La mirada de Johnson es la de quien, sentado en la última fila de un bar a punto de cerrar, observa a los demás sin atreverse a interrumpir su soledad; los contempla con una mezcla de compasión y humor negro, como si dijera: “Todos somos un poco ‘fuckhead’ en este carnaval de la existencia”. Rimbaud, que también supo de iluminaciones y naufragios, habría entendido perfectamente a los personajes que aparecen en “Hijo de Jesús”.
Sin embargo, en medio de esa densidad emocional, hay una veta de humor absurdo, dislocado, que atraviesa algunos episodios. No es humor en el sentido clásico, sino más bien como si el dolor tuviera la mala suerte de hacerse gracioso por momentos.

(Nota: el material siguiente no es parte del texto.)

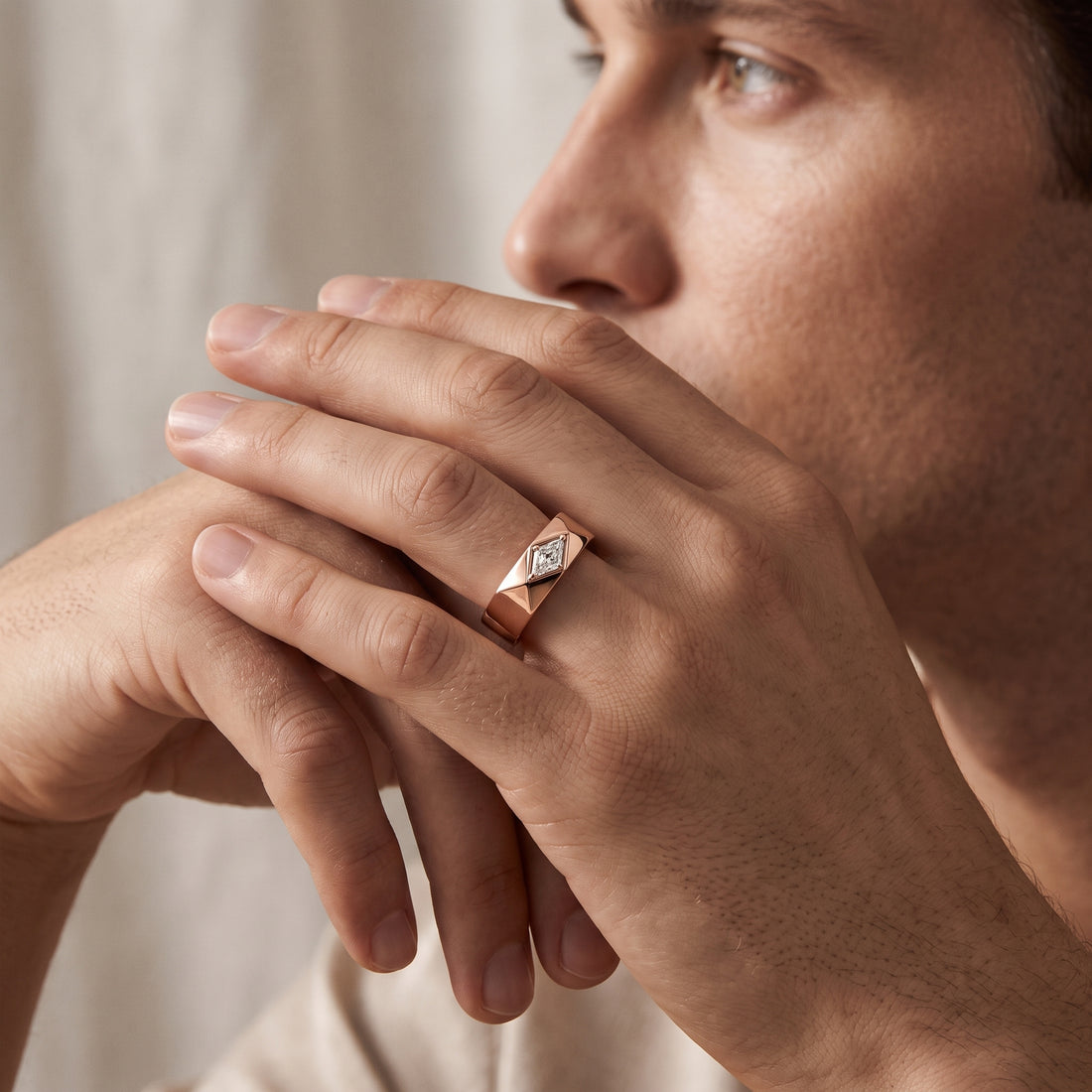 LOZENGES DIAMOND COUPLE RING BAND R/G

La adicción adquiere a veces el tono de una comedia trágica: decisiones sin sentido, actos automáticos, diálogos que rozan lo ridículo y acaban en ternura, desconcierto o devastación.
El relato final, “Asilo Beverly”, funciona como un epílogo existencial donde el narrador, ya rehabilitado y trabajando, encuentra una inesperada sensación de pertenencia entre quienes han sido marginados y desechados. Todos los temas del libro confluyen en ese espacio físico. Soledad, desconexión, culpa… pero también deseo de pertenencia, un gesto mínimo de querer estar. Aunque su vida sigue marcada por la rutina y la falta de propósito, lo que queda es la sensación de que, al menos por ahora, no vale la pena seguir huyendo.
Si Lou Reed cantaba “Heroin, be the death of me” (“Heroína, sé mi muerte”), Johnson nos recuerda que, a veces, sobrevivir es el mayor acto de rebeldía. O, al menos, la mejor excusa para volver a intentarlo mañana. Porque, en el fondo, todos buscamos (aunque sea por un instante) ser hijos de algo más grande que nosotros mismos.
Johnson y Reed no eran moralistas ni cínicos ni escribieron desde una torre de marfil. Reed escribía letras que a veces eran cuentos de Carver con distorsión y Johnson escribía relatos que a veces eran canciones de Reed contadas desde dentro de una ambulancia. Ambos hablaban con los desahuciados, no sobre ellos. El protagonista de “Hijo de Jesús” no busca expiación ni perdón: busca aguantar. Reed canta “I’ll Be Your Mirror” como quien ofrece un cigarro a alguien que tiembla. Esa forma de ternura impura, sin melodrama, es quizás lo que más comparten: que en medio de la ruina aún hay un gesto hacia el otro. Pequeño y torpe, pero suficiente.